9181
2 şubat 2019 alanyaspor galatasaray maçında yediği golden dolayı yerden yere vurulmasını anlasam da golde gerçekten şanssız olduğunu düşünüyorum. golde topun o kadar yükselip bir anda inişe geçmesi muslera'nın dengesini bozdu ve topa yanlış kolla uzanmasına neden oldu. örnek olarak papiss cisse'nin cech'e attığı gole bakabilirsiniz. o golde de benzer bir nedenden dolayı cech topa sıçrayamıyor. bu tür pozisyonlar dışardan ne kadar kolay gibi görünse de kaleci için hayli zor toplardır. her iki kaleci de o topu beklemedikleri için (ki topa vuran adamlar bile topun öyle gitmesine şaşırıyor) çaresiz kalmaları normal.

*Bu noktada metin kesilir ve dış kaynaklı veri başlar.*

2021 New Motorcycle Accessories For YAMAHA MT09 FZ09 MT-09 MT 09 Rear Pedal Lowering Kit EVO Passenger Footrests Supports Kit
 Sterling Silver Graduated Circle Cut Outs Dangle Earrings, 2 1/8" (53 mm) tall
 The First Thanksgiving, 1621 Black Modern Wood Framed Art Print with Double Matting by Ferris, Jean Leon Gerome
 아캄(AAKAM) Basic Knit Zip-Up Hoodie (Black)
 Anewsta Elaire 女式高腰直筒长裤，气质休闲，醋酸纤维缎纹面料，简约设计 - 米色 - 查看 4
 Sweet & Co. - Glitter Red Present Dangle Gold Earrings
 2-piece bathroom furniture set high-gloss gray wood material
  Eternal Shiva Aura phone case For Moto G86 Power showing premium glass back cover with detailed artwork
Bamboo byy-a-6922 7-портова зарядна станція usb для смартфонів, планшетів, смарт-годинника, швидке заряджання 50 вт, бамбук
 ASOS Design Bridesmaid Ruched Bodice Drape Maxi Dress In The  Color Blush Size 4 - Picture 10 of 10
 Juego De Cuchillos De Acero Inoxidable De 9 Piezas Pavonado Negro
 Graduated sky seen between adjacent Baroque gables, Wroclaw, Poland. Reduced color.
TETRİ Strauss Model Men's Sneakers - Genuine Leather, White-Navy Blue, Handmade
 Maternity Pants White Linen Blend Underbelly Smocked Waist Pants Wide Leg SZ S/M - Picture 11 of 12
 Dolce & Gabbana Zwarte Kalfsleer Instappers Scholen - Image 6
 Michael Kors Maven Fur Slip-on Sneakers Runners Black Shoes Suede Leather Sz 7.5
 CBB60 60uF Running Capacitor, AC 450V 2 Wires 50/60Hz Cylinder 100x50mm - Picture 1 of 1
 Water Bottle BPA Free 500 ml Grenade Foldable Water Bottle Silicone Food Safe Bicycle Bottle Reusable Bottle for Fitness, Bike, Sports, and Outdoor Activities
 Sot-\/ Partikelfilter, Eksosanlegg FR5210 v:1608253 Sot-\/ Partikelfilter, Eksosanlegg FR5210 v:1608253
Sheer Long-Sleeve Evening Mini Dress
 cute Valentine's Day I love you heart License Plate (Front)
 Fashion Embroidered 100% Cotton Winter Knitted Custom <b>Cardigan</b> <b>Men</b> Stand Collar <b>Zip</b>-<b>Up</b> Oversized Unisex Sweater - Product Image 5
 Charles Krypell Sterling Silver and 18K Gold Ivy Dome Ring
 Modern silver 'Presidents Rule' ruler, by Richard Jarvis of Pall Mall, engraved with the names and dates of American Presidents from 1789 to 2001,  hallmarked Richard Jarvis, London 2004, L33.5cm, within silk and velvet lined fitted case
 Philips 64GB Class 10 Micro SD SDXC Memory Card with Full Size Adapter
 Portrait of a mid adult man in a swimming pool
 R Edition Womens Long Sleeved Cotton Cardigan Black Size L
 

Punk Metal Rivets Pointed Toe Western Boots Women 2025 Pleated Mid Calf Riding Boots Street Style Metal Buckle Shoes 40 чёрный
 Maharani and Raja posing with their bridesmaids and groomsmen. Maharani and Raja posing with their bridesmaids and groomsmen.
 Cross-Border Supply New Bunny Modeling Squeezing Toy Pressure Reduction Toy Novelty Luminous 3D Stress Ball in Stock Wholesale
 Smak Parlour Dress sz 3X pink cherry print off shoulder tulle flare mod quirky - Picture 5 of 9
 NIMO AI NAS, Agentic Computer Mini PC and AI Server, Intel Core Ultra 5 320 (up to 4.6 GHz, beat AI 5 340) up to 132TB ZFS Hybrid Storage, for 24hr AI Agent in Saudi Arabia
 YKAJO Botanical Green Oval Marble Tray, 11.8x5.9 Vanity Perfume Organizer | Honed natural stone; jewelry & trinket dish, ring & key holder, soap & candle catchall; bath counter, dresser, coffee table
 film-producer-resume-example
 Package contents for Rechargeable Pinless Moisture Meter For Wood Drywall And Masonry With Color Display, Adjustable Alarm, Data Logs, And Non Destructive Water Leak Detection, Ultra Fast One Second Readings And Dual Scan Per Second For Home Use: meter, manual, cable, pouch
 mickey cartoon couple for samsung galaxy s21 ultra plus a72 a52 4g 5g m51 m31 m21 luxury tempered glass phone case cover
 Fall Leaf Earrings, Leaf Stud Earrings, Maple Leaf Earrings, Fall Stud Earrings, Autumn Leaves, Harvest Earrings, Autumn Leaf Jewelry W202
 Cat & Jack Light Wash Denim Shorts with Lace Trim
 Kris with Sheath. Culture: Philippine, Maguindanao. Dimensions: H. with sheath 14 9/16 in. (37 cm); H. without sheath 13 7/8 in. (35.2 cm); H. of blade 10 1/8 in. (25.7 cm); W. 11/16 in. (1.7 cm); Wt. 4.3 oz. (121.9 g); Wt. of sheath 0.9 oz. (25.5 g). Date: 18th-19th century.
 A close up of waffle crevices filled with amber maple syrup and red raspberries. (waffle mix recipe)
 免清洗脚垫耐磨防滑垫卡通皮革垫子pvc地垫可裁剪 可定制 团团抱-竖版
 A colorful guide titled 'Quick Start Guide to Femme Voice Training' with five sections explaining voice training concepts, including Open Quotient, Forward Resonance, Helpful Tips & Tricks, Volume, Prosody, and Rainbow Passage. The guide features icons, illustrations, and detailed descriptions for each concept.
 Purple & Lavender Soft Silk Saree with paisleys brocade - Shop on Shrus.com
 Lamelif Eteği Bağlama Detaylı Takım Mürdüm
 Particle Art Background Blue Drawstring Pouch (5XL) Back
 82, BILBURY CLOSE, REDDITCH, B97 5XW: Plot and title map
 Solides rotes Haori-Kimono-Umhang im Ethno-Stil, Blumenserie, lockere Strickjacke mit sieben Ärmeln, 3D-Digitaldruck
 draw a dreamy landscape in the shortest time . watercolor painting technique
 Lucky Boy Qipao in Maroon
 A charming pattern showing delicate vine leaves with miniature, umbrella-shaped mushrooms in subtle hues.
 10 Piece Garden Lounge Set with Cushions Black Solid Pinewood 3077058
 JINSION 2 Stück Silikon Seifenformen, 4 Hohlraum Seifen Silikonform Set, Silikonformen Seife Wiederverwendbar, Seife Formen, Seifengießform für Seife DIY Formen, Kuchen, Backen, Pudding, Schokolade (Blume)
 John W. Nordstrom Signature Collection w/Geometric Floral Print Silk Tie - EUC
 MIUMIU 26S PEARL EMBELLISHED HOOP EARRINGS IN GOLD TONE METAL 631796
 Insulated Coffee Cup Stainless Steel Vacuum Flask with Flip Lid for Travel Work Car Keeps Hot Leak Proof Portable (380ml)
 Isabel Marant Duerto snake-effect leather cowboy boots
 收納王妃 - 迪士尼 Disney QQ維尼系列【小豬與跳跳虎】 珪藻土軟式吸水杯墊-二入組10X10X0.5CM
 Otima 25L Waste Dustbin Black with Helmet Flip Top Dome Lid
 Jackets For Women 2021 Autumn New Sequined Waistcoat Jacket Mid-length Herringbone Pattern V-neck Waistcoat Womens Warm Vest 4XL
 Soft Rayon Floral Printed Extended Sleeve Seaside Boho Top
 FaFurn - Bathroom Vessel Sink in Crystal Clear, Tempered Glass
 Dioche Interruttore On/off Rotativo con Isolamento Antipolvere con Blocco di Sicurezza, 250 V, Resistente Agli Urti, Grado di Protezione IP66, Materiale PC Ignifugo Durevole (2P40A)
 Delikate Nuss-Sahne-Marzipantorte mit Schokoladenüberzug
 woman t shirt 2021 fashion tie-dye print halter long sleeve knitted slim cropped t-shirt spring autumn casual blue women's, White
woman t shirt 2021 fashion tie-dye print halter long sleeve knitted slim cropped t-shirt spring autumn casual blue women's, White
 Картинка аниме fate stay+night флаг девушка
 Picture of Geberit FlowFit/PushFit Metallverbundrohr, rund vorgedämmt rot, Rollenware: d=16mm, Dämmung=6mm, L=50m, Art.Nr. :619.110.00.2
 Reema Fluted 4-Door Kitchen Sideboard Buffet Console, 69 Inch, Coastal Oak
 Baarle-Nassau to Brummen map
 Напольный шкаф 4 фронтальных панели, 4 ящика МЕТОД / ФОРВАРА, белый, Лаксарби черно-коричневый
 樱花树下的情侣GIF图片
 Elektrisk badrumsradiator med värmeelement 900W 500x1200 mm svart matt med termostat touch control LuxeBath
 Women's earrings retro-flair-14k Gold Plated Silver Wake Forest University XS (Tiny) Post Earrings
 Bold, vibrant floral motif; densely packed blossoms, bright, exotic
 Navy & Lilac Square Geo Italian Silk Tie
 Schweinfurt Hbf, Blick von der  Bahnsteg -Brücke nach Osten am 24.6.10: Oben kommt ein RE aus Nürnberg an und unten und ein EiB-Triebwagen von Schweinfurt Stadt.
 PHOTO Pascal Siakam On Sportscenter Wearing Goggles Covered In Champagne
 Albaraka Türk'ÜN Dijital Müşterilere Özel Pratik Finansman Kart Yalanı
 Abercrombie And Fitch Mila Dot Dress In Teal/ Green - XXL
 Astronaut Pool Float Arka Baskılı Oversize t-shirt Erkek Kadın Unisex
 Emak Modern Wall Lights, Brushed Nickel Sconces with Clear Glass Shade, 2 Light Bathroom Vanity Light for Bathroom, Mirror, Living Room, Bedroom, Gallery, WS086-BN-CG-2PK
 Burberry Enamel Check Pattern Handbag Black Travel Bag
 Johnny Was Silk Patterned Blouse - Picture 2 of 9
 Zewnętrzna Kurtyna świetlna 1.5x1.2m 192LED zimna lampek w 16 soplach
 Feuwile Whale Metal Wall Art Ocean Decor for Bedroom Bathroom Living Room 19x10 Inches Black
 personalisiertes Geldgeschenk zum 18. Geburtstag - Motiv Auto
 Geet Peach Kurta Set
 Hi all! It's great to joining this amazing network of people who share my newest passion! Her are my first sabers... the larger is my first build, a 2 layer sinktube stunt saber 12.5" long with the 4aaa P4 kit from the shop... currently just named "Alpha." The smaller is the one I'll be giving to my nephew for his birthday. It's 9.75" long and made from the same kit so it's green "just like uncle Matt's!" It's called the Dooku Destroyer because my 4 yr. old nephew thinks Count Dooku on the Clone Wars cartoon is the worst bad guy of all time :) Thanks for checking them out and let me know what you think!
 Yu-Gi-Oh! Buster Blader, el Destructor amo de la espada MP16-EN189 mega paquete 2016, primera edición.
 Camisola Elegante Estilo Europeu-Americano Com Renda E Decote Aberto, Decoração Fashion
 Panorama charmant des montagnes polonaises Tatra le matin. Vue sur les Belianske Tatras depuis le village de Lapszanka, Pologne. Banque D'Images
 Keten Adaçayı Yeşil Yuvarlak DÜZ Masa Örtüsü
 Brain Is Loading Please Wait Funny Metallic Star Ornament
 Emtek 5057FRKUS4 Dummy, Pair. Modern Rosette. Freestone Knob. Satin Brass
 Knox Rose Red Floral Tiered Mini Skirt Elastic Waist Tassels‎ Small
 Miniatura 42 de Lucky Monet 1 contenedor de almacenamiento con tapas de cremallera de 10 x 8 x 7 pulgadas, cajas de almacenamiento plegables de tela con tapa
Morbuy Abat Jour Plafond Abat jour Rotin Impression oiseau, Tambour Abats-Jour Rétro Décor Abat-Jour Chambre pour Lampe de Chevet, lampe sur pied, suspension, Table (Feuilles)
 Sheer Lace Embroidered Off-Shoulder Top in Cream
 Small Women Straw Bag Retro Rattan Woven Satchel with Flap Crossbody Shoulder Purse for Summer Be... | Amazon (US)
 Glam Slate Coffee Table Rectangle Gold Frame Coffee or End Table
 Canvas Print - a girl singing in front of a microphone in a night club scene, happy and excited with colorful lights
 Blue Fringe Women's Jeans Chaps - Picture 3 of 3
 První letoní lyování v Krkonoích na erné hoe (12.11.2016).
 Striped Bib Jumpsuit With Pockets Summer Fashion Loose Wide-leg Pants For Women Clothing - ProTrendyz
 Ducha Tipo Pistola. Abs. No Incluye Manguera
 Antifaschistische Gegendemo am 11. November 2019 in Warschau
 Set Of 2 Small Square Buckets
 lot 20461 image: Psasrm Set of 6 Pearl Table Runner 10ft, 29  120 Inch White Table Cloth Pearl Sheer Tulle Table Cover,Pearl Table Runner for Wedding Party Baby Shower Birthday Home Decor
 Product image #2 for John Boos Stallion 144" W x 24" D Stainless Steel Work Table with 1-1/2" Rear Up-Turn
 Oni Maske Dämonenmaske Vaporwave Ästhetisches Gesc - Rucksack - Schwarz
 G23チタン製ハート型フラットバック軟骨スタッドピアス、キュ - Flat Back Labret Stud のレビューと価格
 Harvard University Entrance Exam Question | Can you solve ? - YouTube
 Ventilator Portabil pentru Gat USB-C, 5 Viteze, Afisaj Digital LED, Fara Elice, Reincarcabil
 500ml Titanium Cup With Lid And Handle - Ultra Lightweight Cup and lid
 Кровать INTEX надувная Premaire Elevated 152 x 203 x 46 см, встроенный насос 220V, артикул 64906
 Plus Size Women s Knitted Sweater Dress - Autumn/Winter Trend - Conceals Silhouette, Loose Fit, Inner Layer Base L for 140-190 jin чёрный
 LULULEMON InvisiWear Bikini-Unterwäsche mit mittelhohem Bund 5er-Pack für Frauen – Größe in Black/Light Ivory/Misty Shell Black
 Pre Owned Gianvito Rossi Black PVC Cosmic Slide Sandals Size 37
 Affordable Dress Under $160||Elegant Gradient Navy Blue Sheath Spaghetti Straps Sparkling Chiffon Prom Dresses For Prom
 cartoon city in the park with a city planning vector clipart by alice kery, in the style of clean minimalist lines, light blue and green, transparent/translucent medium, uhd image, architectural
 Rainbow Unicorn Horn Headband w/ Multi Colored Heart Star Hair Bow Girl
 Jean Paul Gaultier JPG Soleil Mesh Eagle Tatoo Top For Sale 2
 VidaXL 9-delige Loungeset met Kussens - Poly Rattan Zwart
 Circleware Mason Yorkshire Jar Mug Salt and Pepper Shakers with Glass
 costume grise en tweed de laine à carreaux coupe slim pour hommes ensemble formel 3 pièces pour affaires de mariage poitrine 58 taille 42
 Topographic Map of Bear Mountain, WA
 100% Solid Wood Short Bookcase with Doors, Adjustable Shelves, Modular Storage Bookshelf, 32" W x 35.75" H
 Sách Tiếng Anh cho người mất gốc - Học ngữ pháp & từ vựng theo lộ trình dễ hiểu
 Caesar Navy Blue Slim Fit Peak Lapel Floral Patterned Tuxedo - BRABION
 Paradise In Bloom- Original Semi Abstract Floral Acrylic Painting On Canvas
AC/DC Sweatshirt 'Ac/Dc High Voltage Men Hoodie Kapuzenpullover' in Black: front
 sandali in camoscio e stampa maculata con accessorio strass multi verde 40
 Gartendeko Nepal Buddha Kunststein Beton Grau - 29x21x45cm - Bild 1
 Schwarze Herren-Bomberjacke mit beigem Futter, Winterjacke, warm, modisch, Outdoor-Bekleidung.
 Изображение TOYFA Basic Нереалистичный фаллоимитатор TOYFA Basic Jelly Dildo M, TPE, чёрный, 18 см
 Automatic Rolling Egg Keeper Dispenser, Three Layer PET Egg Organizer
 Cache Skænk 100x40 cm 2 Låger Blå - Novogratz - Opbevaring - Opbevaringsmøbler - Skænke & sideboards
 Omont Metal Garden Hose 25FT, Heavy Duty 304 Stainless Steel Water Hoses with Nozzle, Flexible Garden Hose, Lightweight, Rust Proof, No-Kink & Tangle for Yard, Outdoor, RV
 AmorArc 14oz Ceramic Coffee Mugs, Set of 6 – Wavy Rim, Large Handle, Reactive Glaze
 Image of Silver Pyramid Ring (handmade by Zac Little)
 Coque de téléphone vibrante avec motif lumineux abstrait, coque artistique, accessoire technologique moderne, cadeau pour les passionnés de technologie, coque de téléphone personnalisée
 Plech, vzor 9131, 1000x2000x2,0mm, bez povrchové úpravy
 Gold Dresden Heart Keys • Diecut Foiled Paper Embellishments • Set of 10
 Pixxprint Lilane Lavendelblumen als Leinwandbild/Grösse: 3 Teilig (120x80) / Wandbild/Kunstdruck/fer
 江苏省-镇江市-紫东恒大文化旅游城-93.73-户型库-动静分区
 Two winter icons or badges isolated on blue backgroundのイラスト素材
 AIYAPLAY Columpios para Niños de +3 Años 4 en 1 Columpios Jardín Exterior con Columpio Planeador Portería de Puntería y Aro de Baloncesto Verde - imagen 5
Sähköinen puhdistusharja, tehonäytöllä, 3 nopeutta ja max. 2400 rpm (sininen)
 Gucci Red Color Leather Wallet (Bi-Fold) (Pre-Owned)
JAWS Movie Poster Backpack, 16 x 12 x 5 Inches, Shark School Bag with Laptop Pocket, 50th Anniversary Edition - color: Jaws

https://www.youtube.com/watch?v=JY6tWFzfP78
genel durumu için konuşmak gerekirse de müridi, askeri, fedaisi ve fanboyu olarak geldiğinden beri performansının kademe kademe düşmekte olduğunu* düşünüyorum. muslera'nın geldiği dönem en çok dikkatimi çeken özelliği en zor kurtarışları bile çok basit göstermesiydi. çabukluğu, pozisyon alışı ve karar verme yetisi mükemmel olduğu için en zor şutları bile elma toplar gibi yakalıyordu. çatala giden sert topları bile çelmek yerine çok rahat tutuyordu. mesela o dönem formda olan volkan demirel ve onur kıvrak bu özelliklerde daha geride olduklarından daha basit şutları çıkarmak için bile jeneriklik kurtarışlar yapmak zorunda kalıp daha fazla takdir topluyorlardı. hatta o dönemler birkaç defa yaptığı işi kolay gösterdiği için hak ettiği kadar övülmediğini yazmıştım. ama uzun bir süredir muslera'nın bu özelliğinde kademe kademe azalma oldu ki bunlar aslında kaleciler tecrübe kazandıkça ileriye gitmesi gereken özelliklerdir. bunun en önemli sebebinin mental yorgunluk olduğunu düşünüyorum. kanımca bu özelliklerin kaybının en muhtemel nedeni konsantrasyon kaybıdır. muslera bize geldiğindne beri aralıksız maça çıkıyor, maça çıkmadığında da maça gitmek için seyahat halinde. bunu sadece bizim maçlar için değil, özellikle milli takım maçları için söylüyorum. güney amerika'dan türkiye'ye gelip ertesi gün maça çıktığı zamanlar da oldu. yıllardır zaten sezon boyunca bizimle yoğun tempoda maça çıktığı gibi* yazın da milli takımla oldukça yoğun maç temposu oluyor.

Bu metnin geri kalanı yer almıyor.